L’écriture de Sudeep Sen est à l’opposé de la profusion de son c.v. et de la surabondance qui, aux yeux de l’Occidental, caractérise l’art indien. Comme d’autres auteurs du sous-continent, Sen refuse d’être enfermé dans un quelconque exotisme, malgré la forte présence d’une indianité revendiquée dans sa personne et son discours, de couleur locale et d’une forte charge sensorielle dans sa poésie. C’est un artiste (il a, d’ailleurs, plusieurs cordes à son arc : la photographie, entre autres) international. Originaire du Bengale, il vit à Delhi et parcourt la planète d’Est en Ouest, et vice versa : il traîne ses guêtres de l’université de Columbia à Amsterdam, en passant par Shanghai, Edimbourg ou Struga. Partout, il collectionne prix et résidences, et les traductions de ses poèmes s’accumulent, d’Estonie en Macédonie. C’est un auteur moderne, si cela signifie, d’une part, que sa thématique est « globale » et, d’autre part, que les mots que, parcimonieusement, il choisit, résonnent chaque fois dans un silence qui en accentue la portée. À l’image de l’architecture contemporaine, sa poésie pose un a priori : le vide.
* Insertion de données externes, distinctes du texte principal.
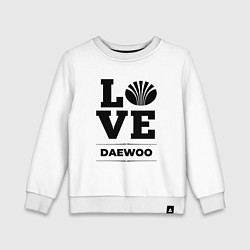 Детский свитшот Daewoo Love Classic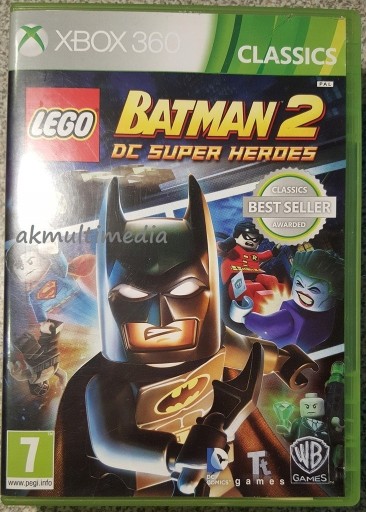 Zdjęcie oferty: LEGO Batman 2: DC Super Heroes Xbox360 PL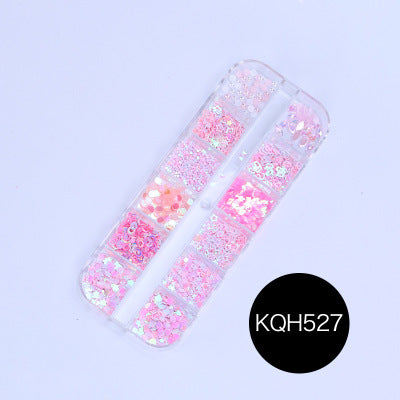 NRS021 ForLife Mixed nail art decals diamond jewelry crystal nails art rhinestone designs 3d shinny nail decorations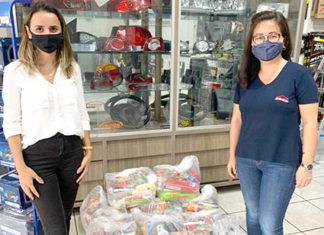 Sindirepa Bandeirantes faz doação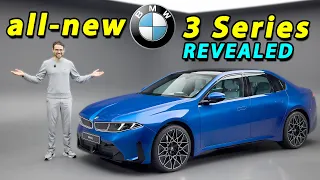 all-new 2027 BMW 3 Series PREMIERE as BMW i3 - now the best electric sedan to buy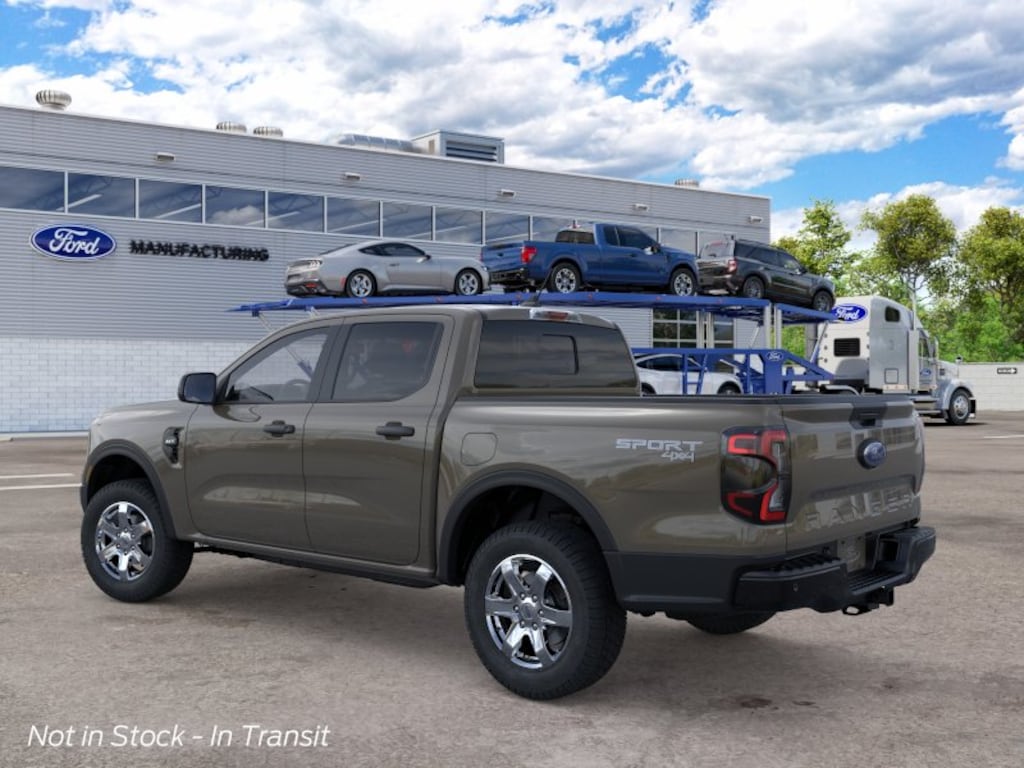 New 2026 Ford Ranger XLT TRUCK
Pour son traducteur (Sen comprendra le souci de ce dernier puisqu’il l’est lui-même, en outre, traducteur, comme on l’est aisément dans un pays où cela fait partie de la fibre langagière), quand le nombre de syllabes d’un vers est très réduit (as phrases fold/ so do veils), la marge de manœuvre est réduite. Entre la proximité de sens et la fidélité au rythme, que choisir ? Whisky, whisk away…
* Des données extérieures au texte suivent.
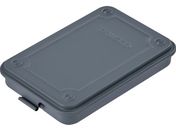 TRUSCO/トランク型工具箱 154X105X29 アーセナルグレー T-15DG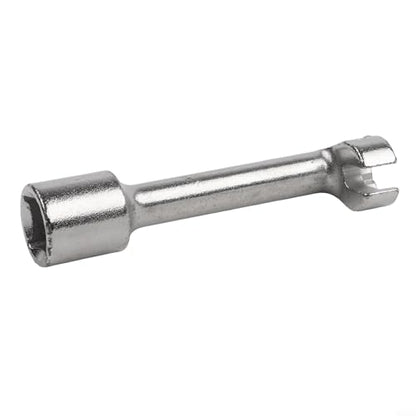 Diesel Fuel Line Socket Set 1/2 Drive Flare Nut Wrench for Automotive Tube Pipe Repair, Open End Ring Sizes 12 14 16 17 18 19mm, Metal Hand Tool(12mm) - color: 12mm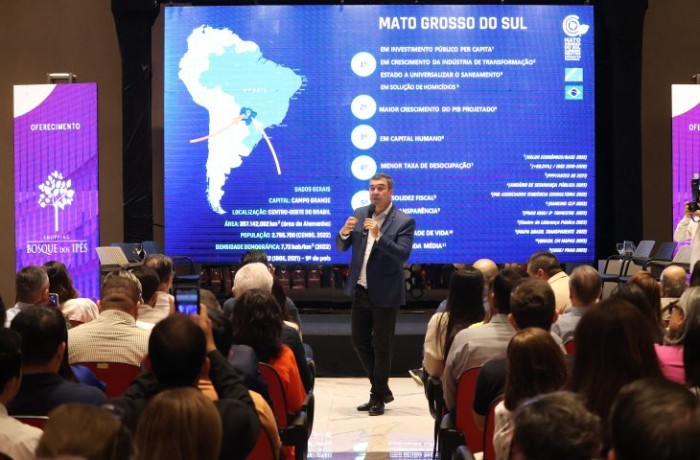 Com crescimento em diversos setores, potencialidades de MS são apresentadas para empresários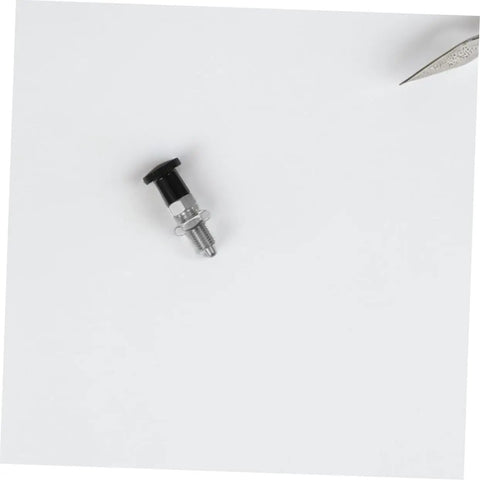 Heavy Duty Stainless Steel Indexing Plunger With Lightning Quick Reset Spring Pin For Factory Positioning And Machine Jigs on white background.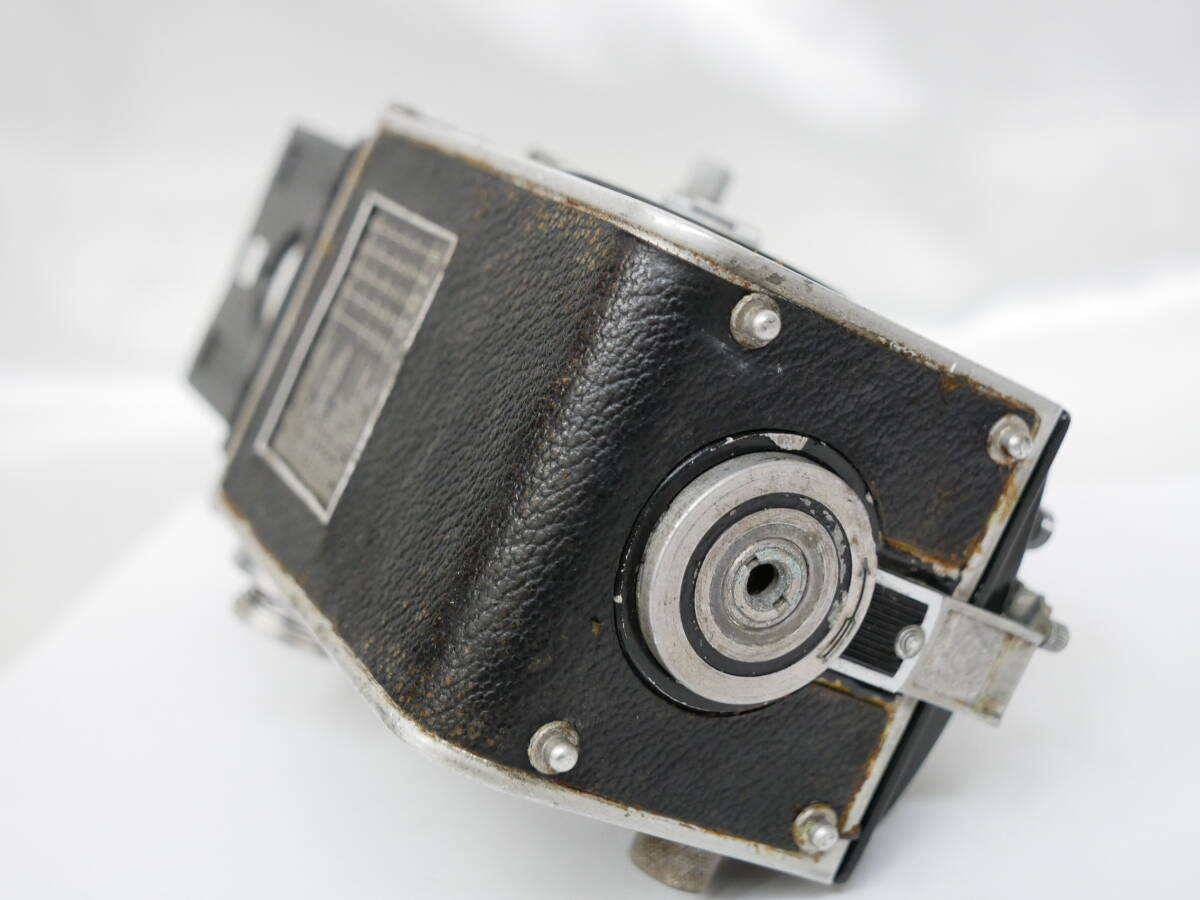 #1649 Rolleiflex Tessar 75mm F3.5 ローライフレックス 二眼レフフィルムカメラの画像7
Je ne crois pas, néanmoins, que la poésie, ainsi qu’on le rabâche, soit plus difficile à traduire que la prose. C’est autre chose, voilà tout. Et la même. La musique y sonne encore plus fort, certes. Et le vide, donc, ce silence qui entoure le dit ? Comment parle-t-il, comment se transcrit-il ? Sans cesse, entre deux virgules : cette double et trouble question.
Valse hésitation, toujours, lorsqu’il s’agit de présenter un auteur qui sera nouveau à des locuteurs étrangers, entre, d’un côté, une approche pédagogique qui consisterait à prendre en compte la méconnaissance, par ce nouveau lectorat, à la fois du poète et de son contexte, et une autre, qui en ferait fi. Tout est là.
On doit trouver les mots qui clarifient/éclairent un texte qui est loin d’être évident, en raison d’un hermétisme qui n’est pas le fait du seul auteur mais également de l’ignorance, par le nouveau lectorat, du contexte dans lequel il compose. Contrairement à une autre idée reçue, la poésie n’est pas universelle même si, dans le cas de Sen, elle s’inscrit pleinement dans notre monde globalisé (Gaza, New York, un tableau de Cézanne). Le traducteur est, malgré tout, porté par le style même de Sen : une avancée posée, contemplative des mots qui très vite créent un paysage émotionnel directement accessible.